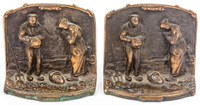 Antique Cast Iron & Copper 1920’s Hubley Bookends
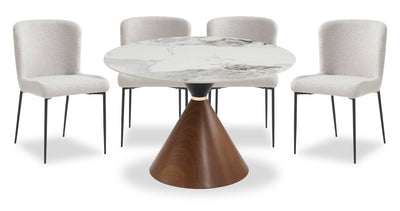Alwin 5pc Dining Set with Table & 4 Chairs, Sintered Stone Top, Metal, 47.25"W Round - Brown/Grey | Ensemble de salle à manger Alwin 5 pièces en métal avec table ronde de 47,25 po (L), dessus en pierre frittée et 4 chaises - brun et gris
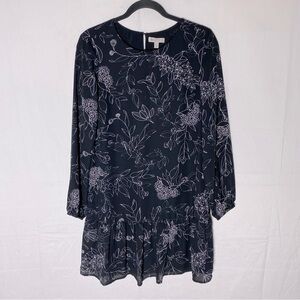 Lila Rose Black W White Floral Print Long Sleeve Ruffle Hem Mini Dress 6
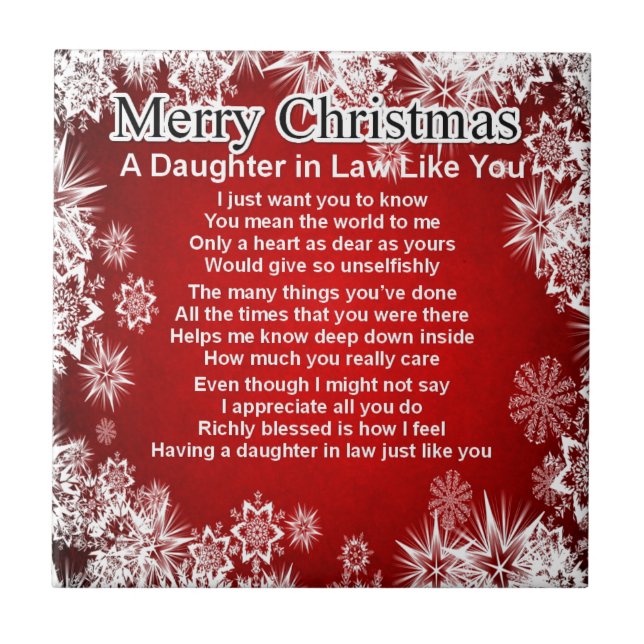 Schwiegertochter-Gedicht - Weihnachtsentwurf Fliese (Vorderseite)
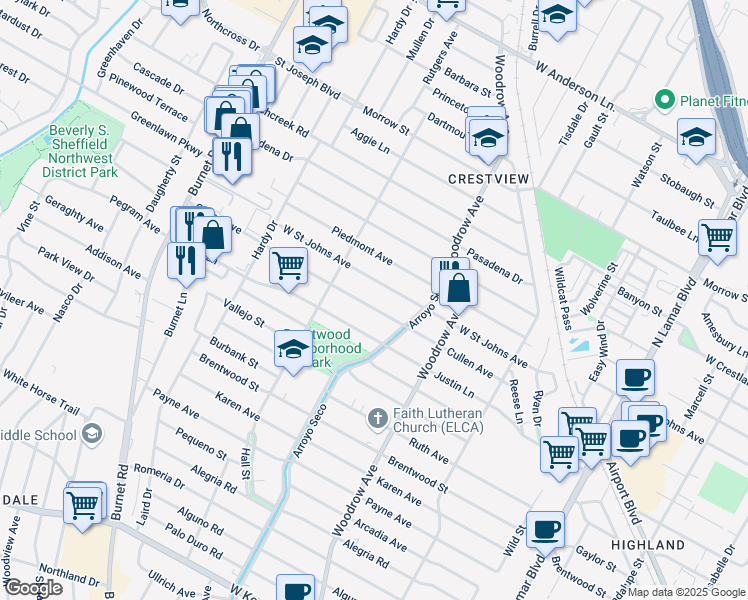 map of restaurants, bars, coffee shops, grocery stores, and more near 1518 West Saint Johns Avenue in Austin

——

PROBLEM DETAILS: All records must be output exactly as they are, except for the pictures, which are left out.

COMPLETED EXERCISE:
 Antique Cast Iron & Copper 1920’s Hubley Bookends
Alwin 5pc Dining Set with Table & 4 Chairs, Sintered Stone Top, Metal, 47.25"W Round - Brown/Grey | Ensemble de salle à manger Alwin 5 pièces en métal avec table ronde de 47,25 po (L), dessus en pierre frittée et 4 chaises - brun et gris
 Lila Rose Black W White Floral Print Long Sleeve Ruffle Hem Mini Dress 6
 Schwiegertochter-Gedicht - Weihnachtsentwurf Fliese (Vorderseite)
 map of restaurants, bars, coffee shops, grocery stores, and more near 1518 West Saint Johns Avenue in Austin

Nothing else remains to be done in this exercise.